■ WHAT THIS TASK INVOLVES
The expected answer is a verbatim transcription of the lines below, beginning with the first and ending with the line that holds "2006 to 2011", without pictures.

■ RECORDS SUPPLIED
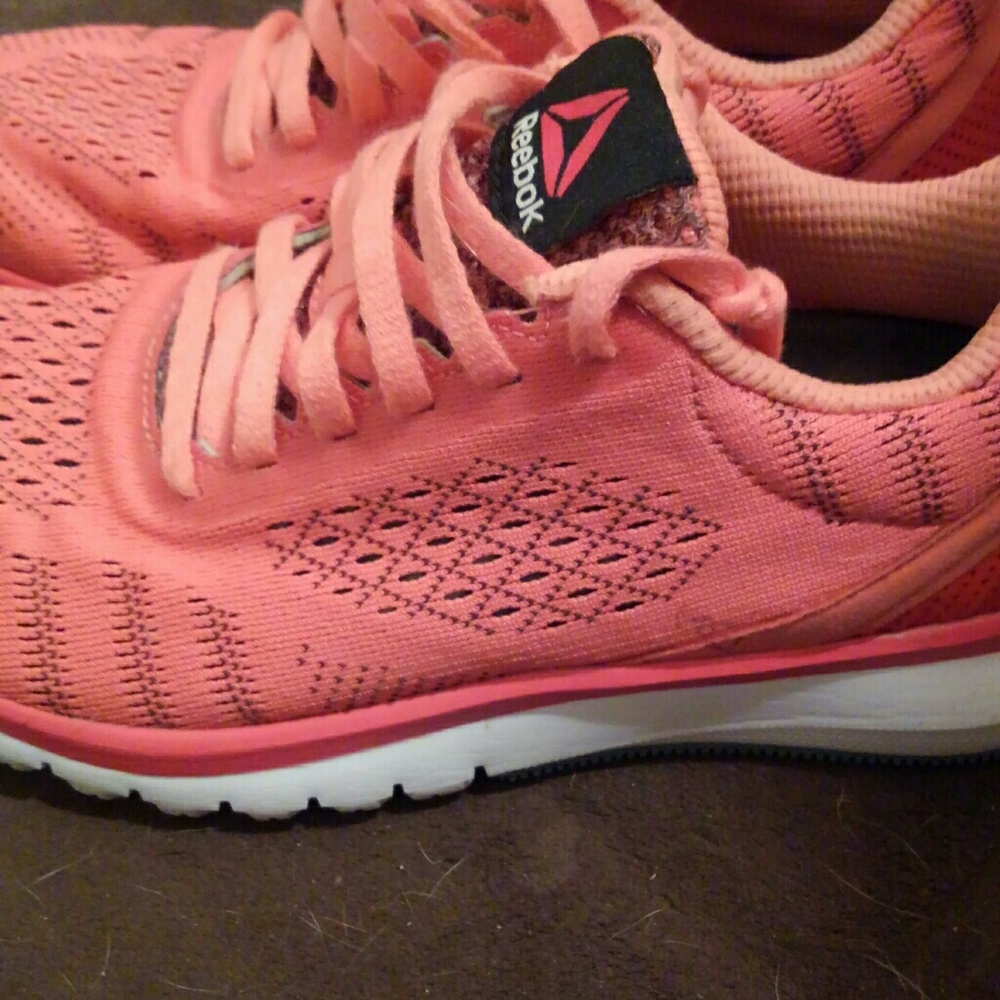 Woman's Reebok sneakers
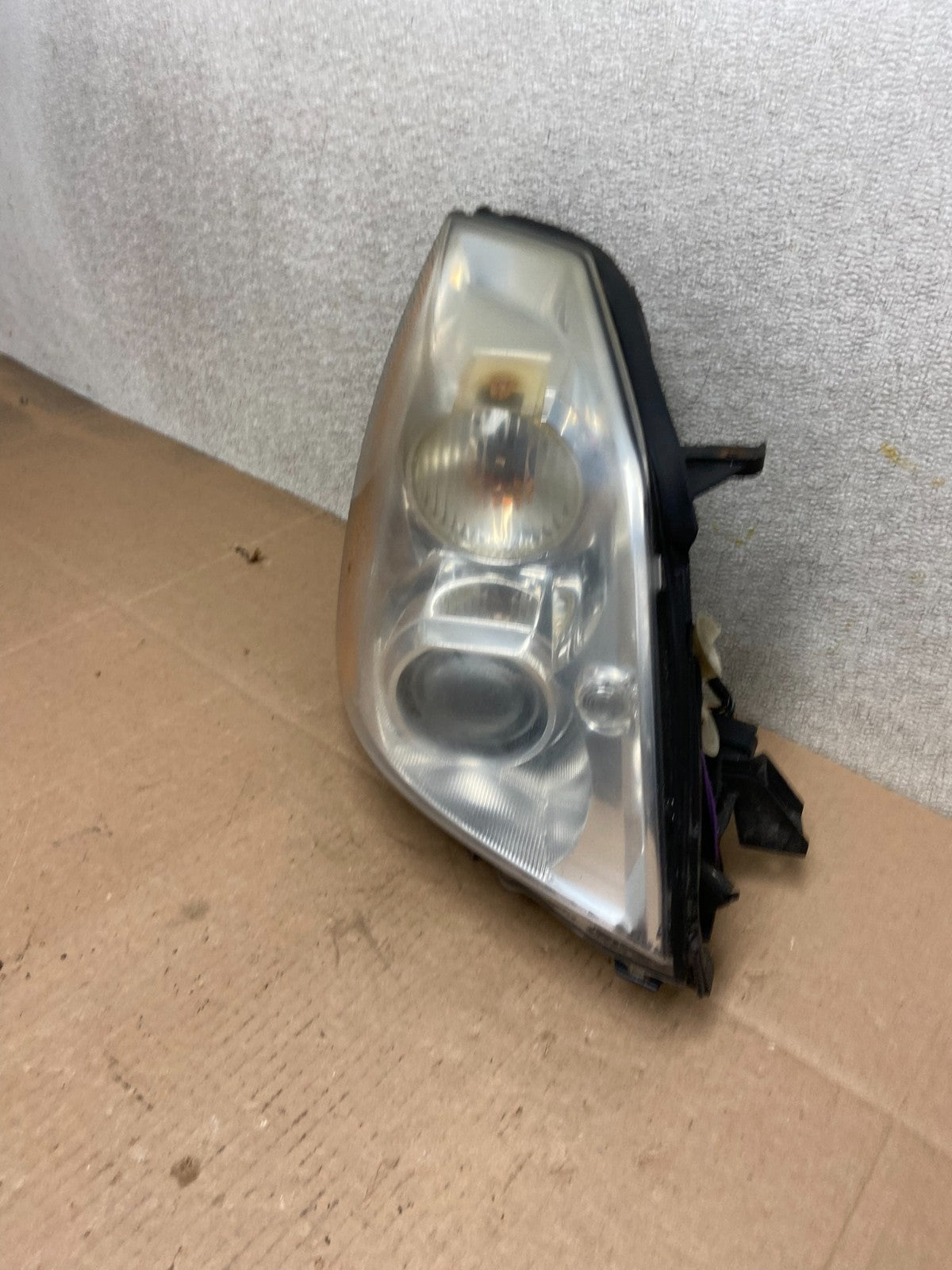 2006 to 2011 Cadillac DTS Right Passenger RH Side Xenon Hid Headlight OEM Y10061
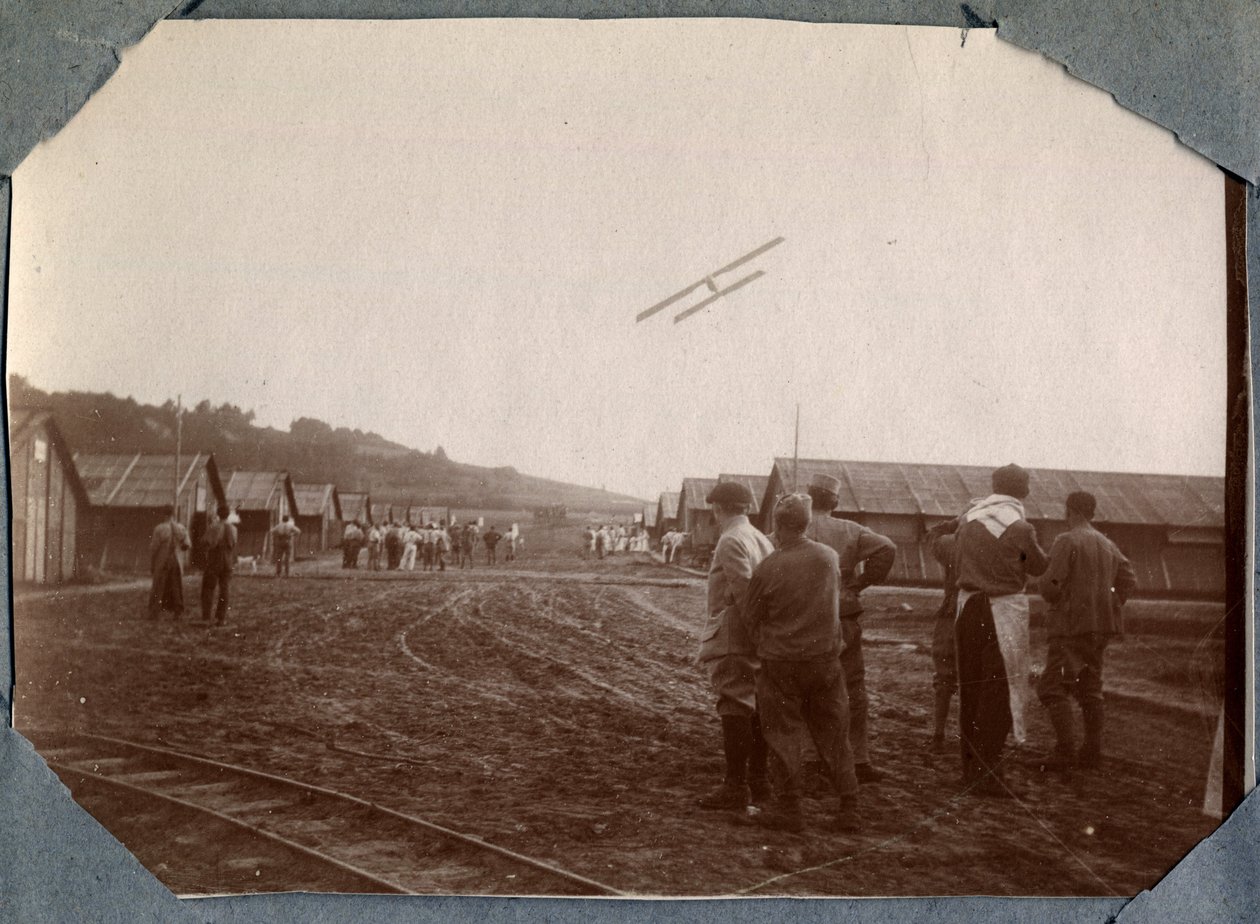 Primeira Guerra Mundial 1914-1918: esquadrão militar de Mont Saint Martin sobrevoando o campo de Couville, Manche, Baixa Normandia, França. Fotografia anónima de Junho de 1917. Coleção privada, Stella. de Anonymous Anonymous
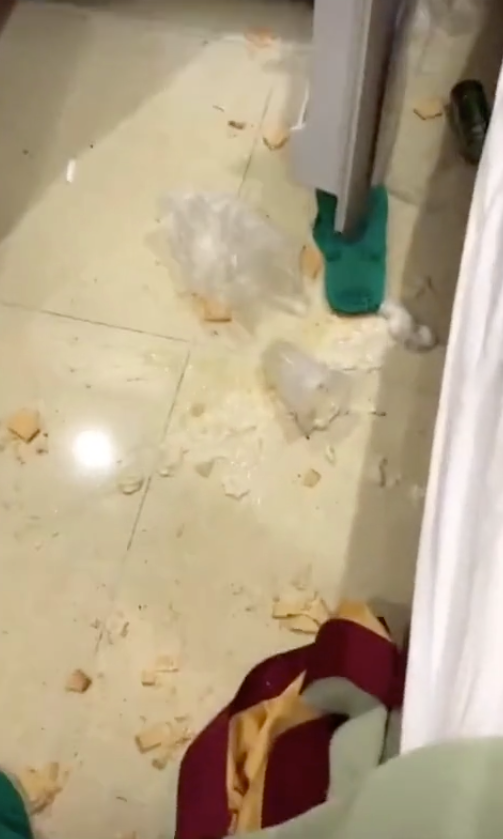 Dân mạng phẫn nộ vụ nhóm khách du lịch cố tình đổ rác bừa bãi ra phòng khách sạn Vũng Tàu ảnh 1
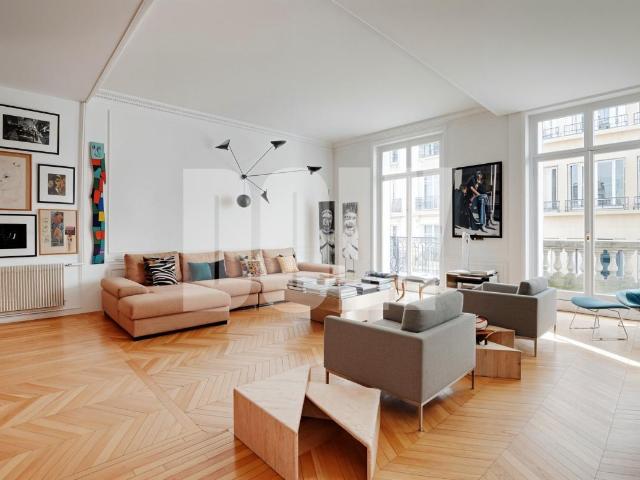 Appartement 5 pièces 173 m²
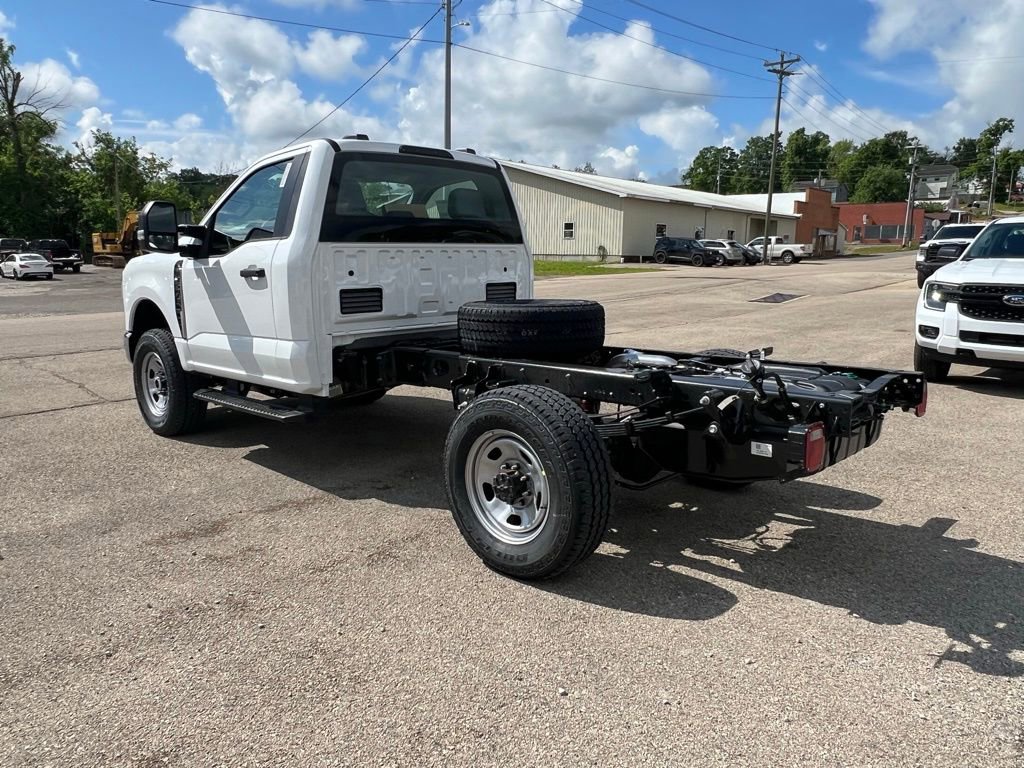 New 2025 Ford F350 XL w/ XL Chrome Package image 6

■ RESPONSE TO THE EXERCISE
 Woman's Reebok sneakers
 2006 to 2011 Cadillac DTS Right Passenger RH Side Xenon Hid Headlight OEM Y10061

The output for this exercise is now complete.